很久以后,她才知道,原来,小狗在察觉在生命不多的时候,为了不给主人添麻烦会找个地方等死。

所以,她猜想自己的小狗应是在不为人知的角落孤独地离开人世。

可她什么也做不到。

后来,等到寒假回家,奶奶过世了。

在那之前,她总是害怕死人,若是村里有谁过世,她恨不得把自己焊死在被窝里,直到她亲眼看到躺在冰棺里的奶奶,第一次觉得死人也会如此亲切。

因为青春期好面子,她不愿在那么多人面前落泪,便拼命忍住泪水,而其他人有说有笑,因为奶奶是八十多岁高寿去世,算白喜事。

接着,一向身体健朗的爷爷也因奶奶的去世一蹶不振,连一年时间也没撑到,于次年十一月去世。

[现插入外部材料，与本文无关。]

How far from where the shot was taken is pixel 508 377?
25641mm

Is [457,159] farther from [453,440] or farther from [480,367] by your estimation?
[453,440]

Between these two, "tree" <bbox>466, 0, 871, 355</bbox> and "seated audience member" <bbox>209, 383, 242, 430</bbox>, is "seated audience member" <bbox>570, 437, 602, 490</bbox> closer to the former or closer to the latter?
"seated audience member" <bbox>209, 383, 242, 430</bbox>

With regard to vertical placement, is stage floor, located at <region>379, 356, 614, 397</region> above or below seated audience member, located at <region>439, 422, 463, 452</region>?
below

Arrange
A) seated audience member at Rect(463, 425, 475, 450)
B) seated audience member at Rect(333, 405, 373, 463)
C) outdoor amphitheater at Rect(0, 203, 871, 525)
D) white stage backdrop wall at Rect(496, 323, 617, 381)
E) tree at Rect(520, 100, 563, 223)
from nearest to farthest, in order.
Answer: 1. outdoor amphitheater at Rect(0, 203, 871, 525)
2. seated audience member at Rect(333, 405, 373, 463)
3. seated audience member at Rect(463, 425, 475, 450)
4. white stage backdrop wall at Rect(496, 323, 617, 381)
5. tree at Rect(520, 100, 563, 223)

那段时间,她好像一直在往火葬场跑,因为在前年,她就因亲戚的意外离世去过一次。

从那以后,她就格外在意死亡,也畏惧在意的人离去。

就算生活再破烂,也还是活着比较好。

所以,她绝对不想奚逢秋去死。

思考间,她只觉得后颈传来一阵冰冷的凉意。